-- WORK REQUEST --
Take every line from the records below that includes the word "with".

-- ENTRIES SUPPLIED --
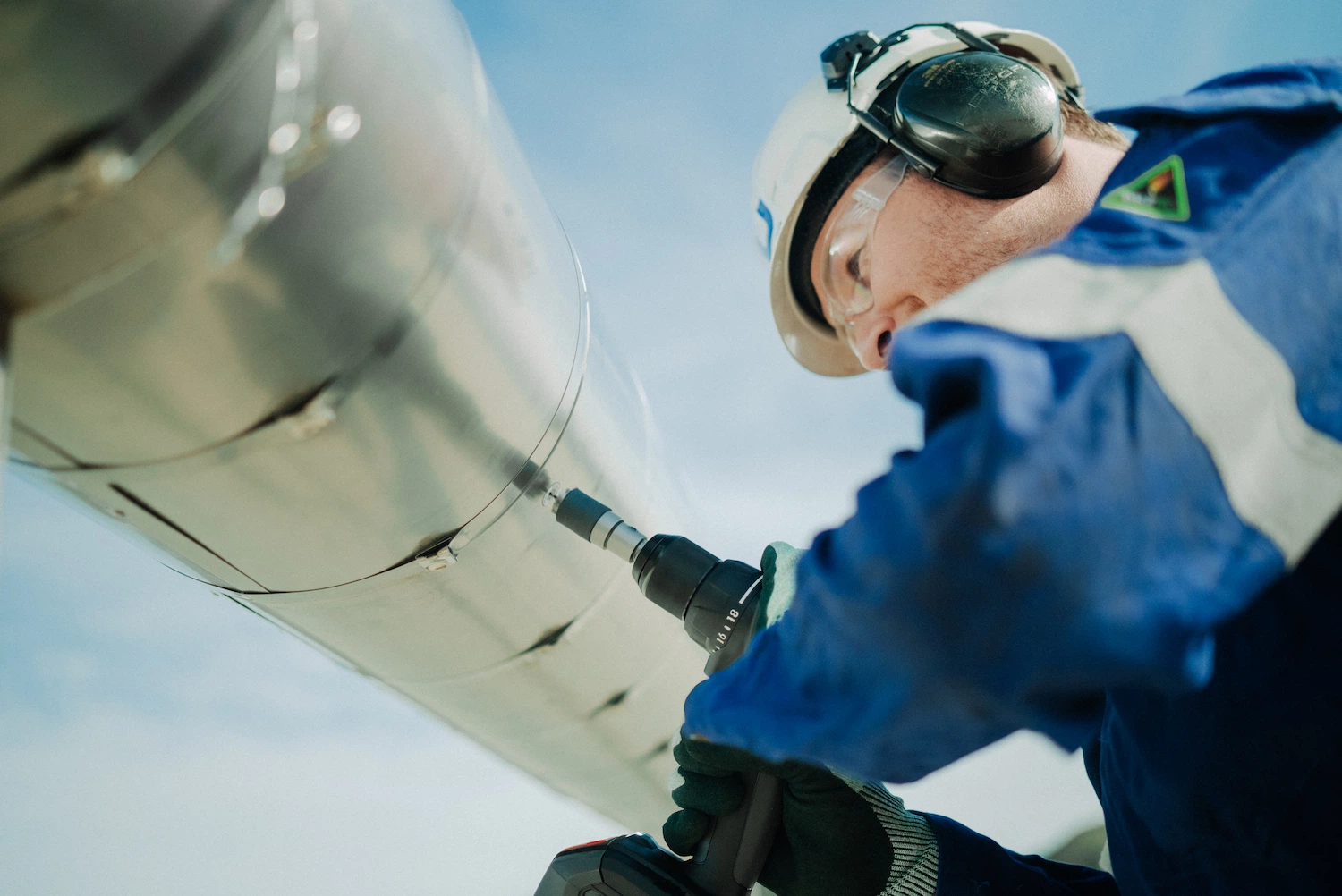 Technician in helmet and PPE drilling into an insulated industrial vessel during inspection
---
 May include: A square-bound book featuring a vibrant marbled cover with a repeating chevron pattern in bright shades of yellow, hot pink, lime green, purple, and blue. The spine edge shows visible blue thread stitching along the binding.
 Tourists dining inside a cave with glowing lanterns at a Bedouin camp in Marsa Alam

-- RESPONSE BOX --
 May include: A square-bound book featuring a vibrant marbled cover with a repeating chevron pattern in bright shades of yellow, hot pink, lime green, purple, and blue. The spine edge shows visible blue thread stitching along the binding.
 Tourists dining inside a cave with glowing lanterns at a Bedouin camp in Marsa Alam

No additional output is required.